23 crores - Railway placements scam

3 crores - Perhaps accepted in bribe by the first cousin once removed of some central Govt employee

etc etc.

The last scam number listed was

Total black money stashed abroad = 1.72 lakh crores (estimated).

So, this ginormous number that forms more than 95% of the amount put in the cover page is plucked out of the hat. So, why the $#*k should you go into details in the other scams?

There is this beautiful idea of significant digits in the art of measurement. I never really understood this while at school. Any measurement, be it with Vernier Callipers or Screw guage comes with a built-in error factor. (Least Count?). So, whenever you gave any measurement the number of significant digits must be determined keeping this in mind.

So, if the built-in error is 1 cm. We cannot give a measurement that says 223.5 cms (even if take 10 measurements and average this out). We can at best say 223 cms or 224 cms. The 223.5 suggests that we have confidence over that 0.5, which we can technically not have. Simple idea really. It is like saying if your measurement has some built-in error, do not convey more accuracy than there is. So, if you measure some length 18 times with Vernier Callipers and the average comes out to be 32.222cms. You should bite the bullet and say roughly 32cms. Conveying confidence beyond what the numbers tell you is a crime (or at least should be considered one). Finance and sports are the two fields where this gets done the most.

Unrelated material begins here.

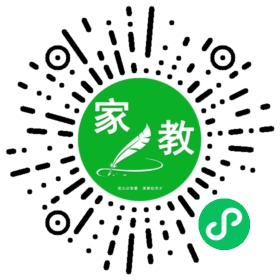 $王女士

You might have seen something along these lines frequently

1. The best stock returns are seen from Thursday to Monday.

2. Left-arm bowlers have seen the most success in ODIs conducted since the 1990s.

3. Ricky Ponting really struggles against India as he has an average that is 6 runs than his overall average

If you analysed stock returns over three-day window, some three window would have the best returns. This does not mean that that three-day window has something special going for it. This means something else. Something very special. Something that every statistician worth his salt must have the courage to say on 90% of the times he attempts some statistical analysis. This means

So, are all statistical inferences absurd? Of course not. This is where the term statistical significance comes into the picture. If the observation is statistically significant, the flag must be raised. And only then must the flag be raised. So, how do we wind our heads around statistical significance. Statisticians have fancy terms for this. But let us see if we can have an intuitive approach around this. Let us have a go at this with an example.

Let us say we want to test whether Ricky Ponting underperformance against a particular team, say, India is statistically significant. Let us further say his average against India is less than his overall average by about 15% (this looks significant).

Now, let us not take his average against his nemesis, India and keep it as a benchmark metric. Now, let us revisit the original sample and extract a sub-sample from this randomly. If the benchmark metric is lower than that observed in the sub-sample, say, 90% of the time, then let us say that the underperformance is statistically significant.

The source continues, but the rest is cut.